- Opening Delimiter -

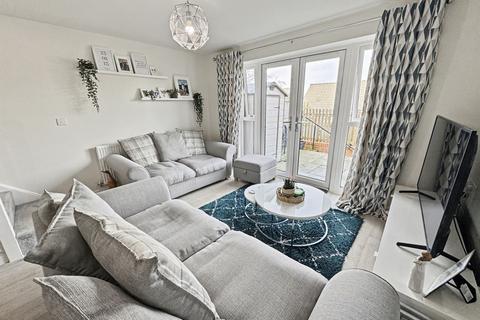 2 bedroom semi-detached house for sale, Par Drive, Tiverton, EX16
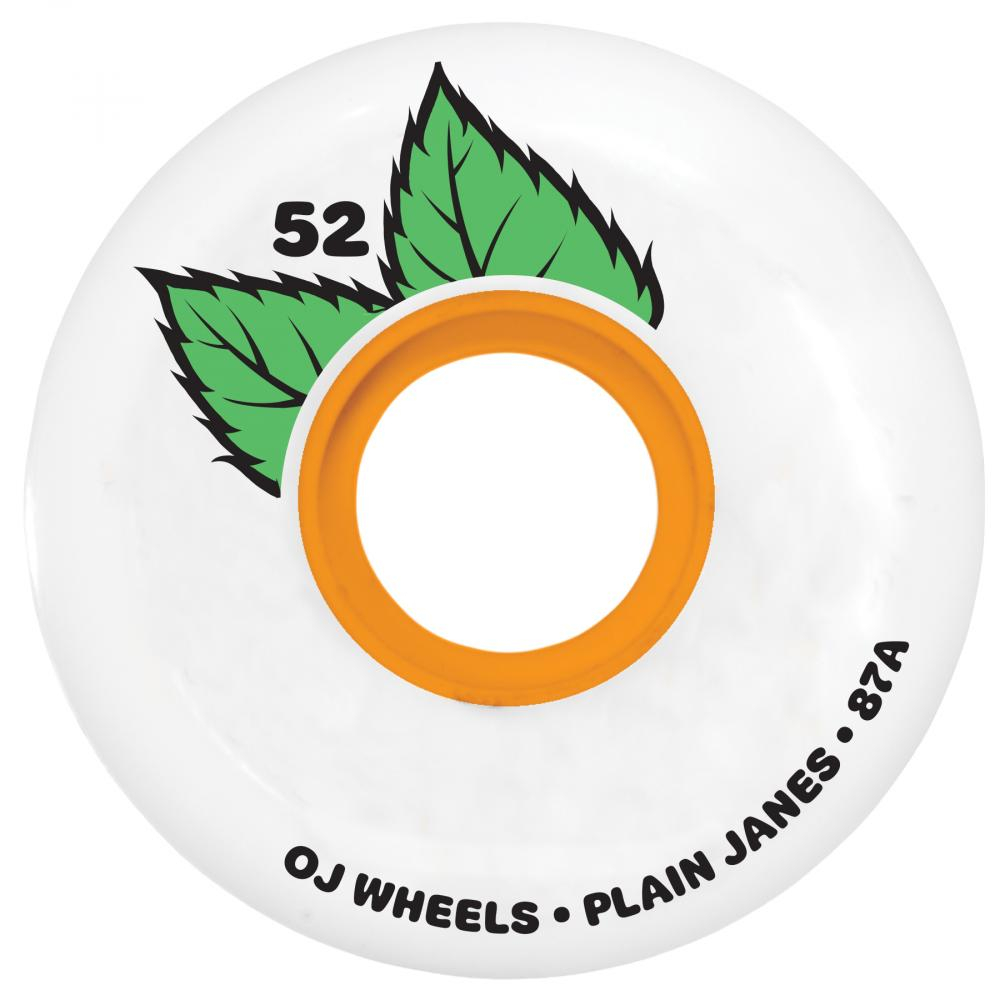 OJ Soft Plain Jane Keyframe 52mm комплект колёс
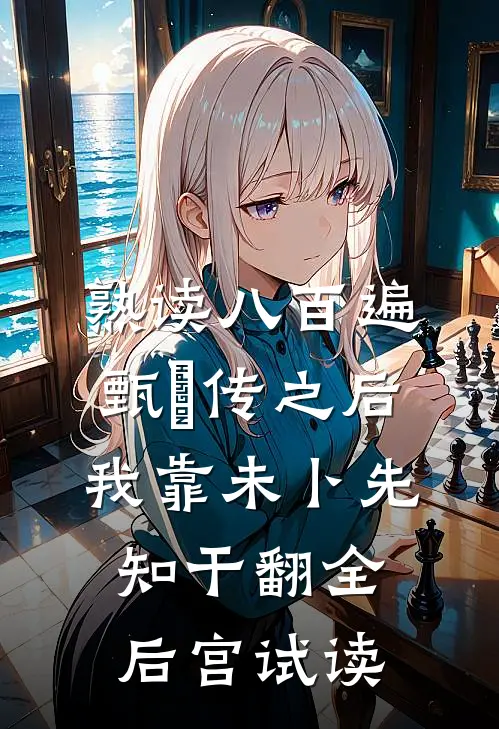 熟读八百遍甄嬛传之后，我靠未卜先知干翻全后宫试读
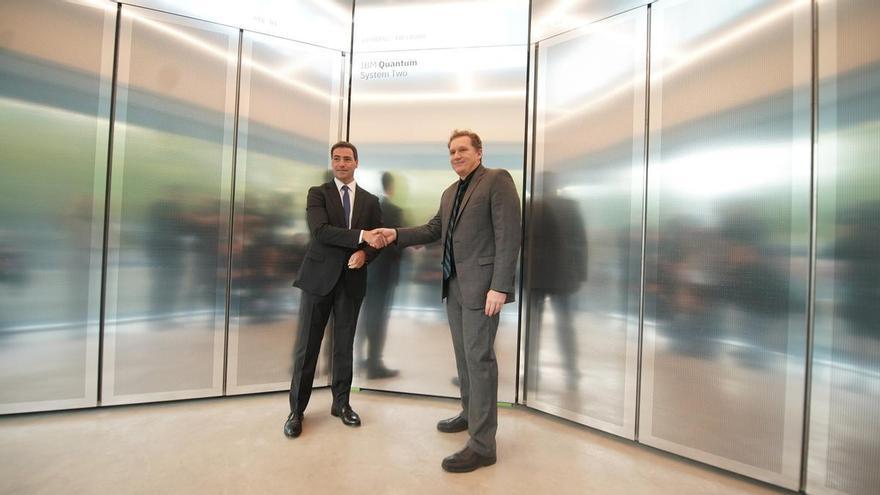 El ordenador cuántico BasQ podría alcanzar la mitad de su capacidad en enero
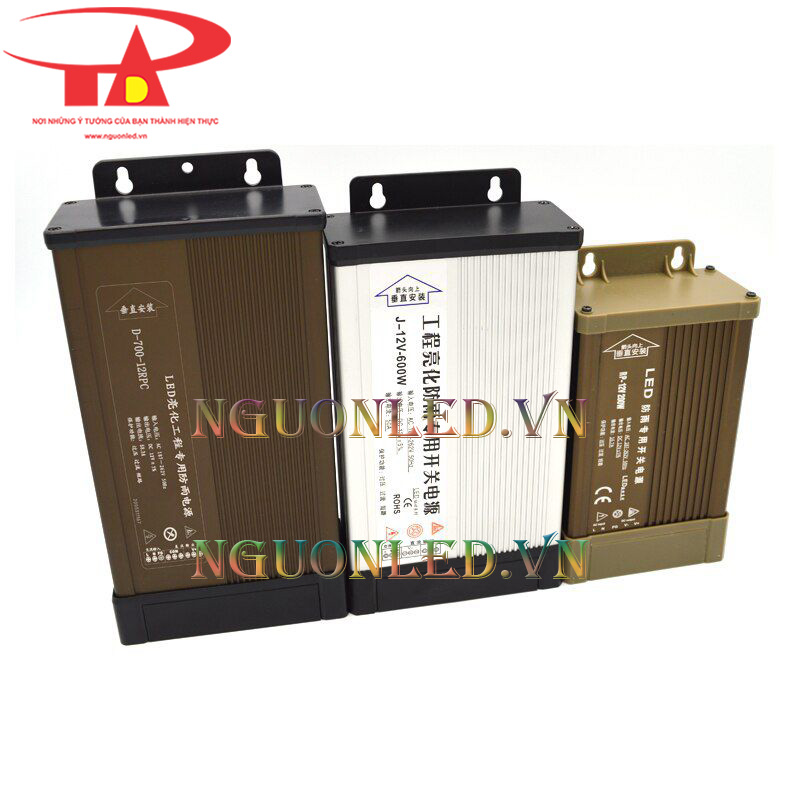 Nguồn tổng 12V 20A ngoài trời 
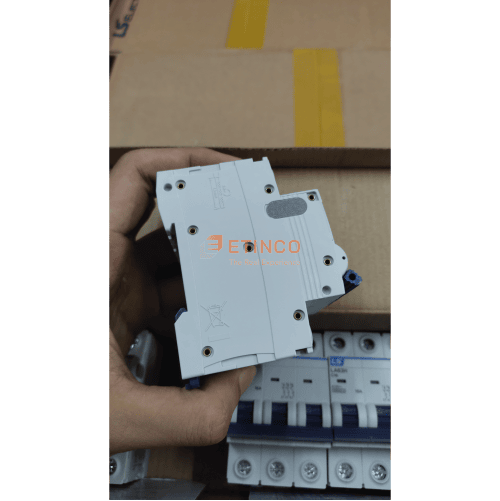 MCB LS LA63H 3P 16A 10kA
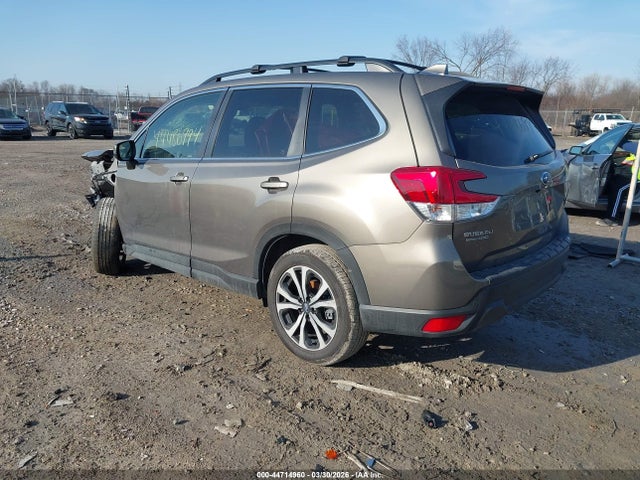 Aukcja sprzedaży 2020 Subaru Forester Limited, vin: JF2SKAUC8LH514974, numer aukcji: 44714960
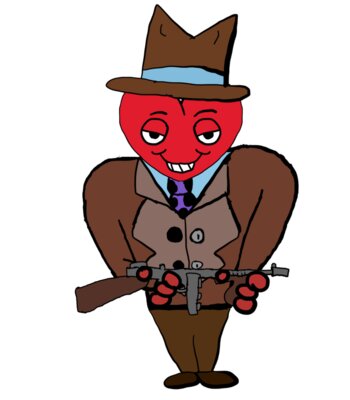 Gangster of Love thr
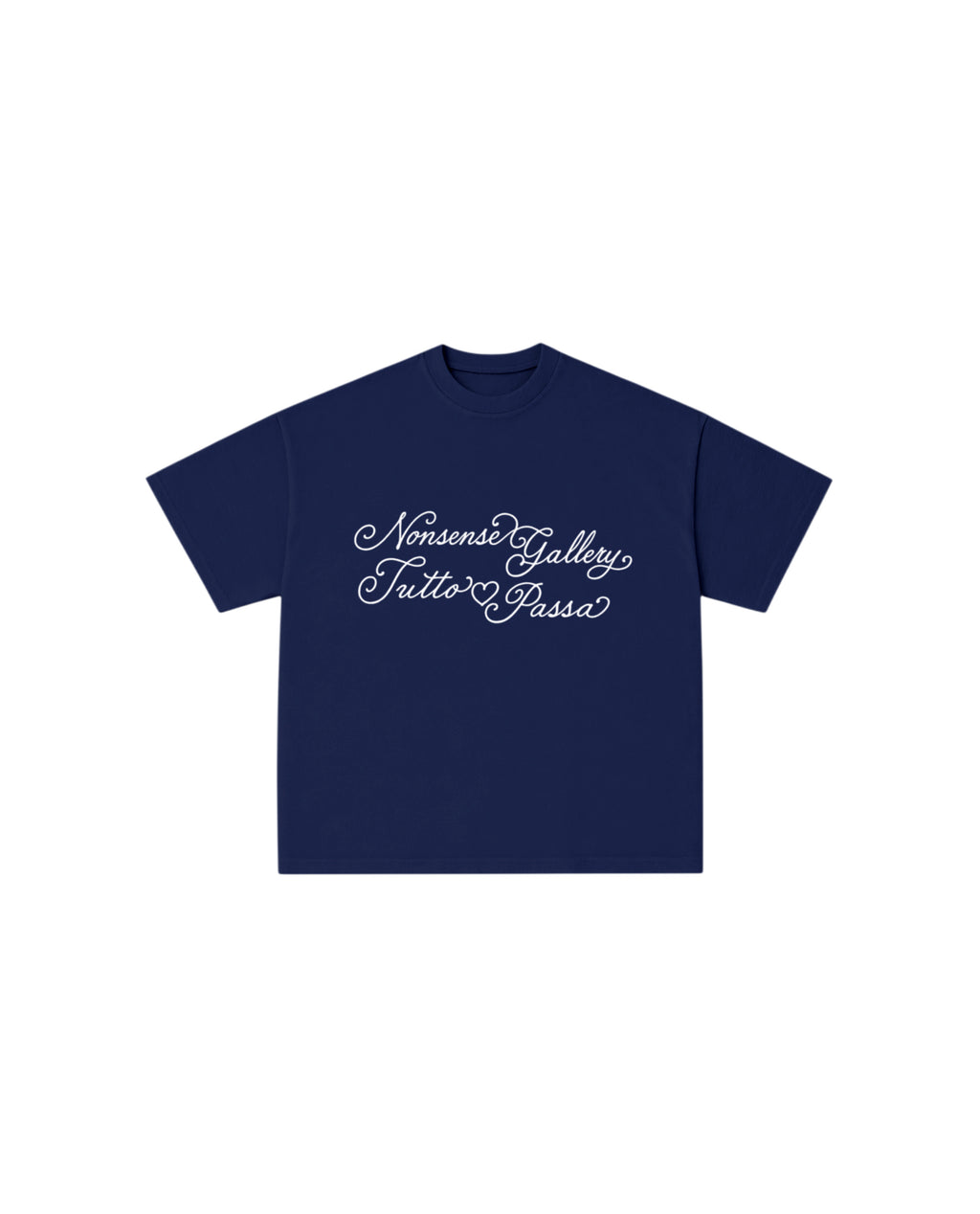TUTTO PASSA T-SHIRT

- Closing Delimiter -

* [Try it]: Retype each of the entries above exactly as it appears, with no pictures.

* [Exercise output]:
 2 bedroom semi-detached house for sale, Par Drive, Tiverton, EX16
 OJ Soft Plain Jane Keyframe 52mm комплект колёс
 熟读八百遍甄嬛传之后，我靠未卜先知干翻全后宫试读
 El ordenador cuántico BasQ podría alcanzar la mitad de su capacidad en enero
 Nguồn tổng 12V 20A ngoài trời 
 MCB LS LA63H 3P 16A 10kA
 Aukcja sprzedaży 2020 Subaru Forester Limited, vin: JF2SKAUC8LH514974, numer aukcji: 44714960
 Gangster of Love thr
TUTTO PASSA T-SHIRT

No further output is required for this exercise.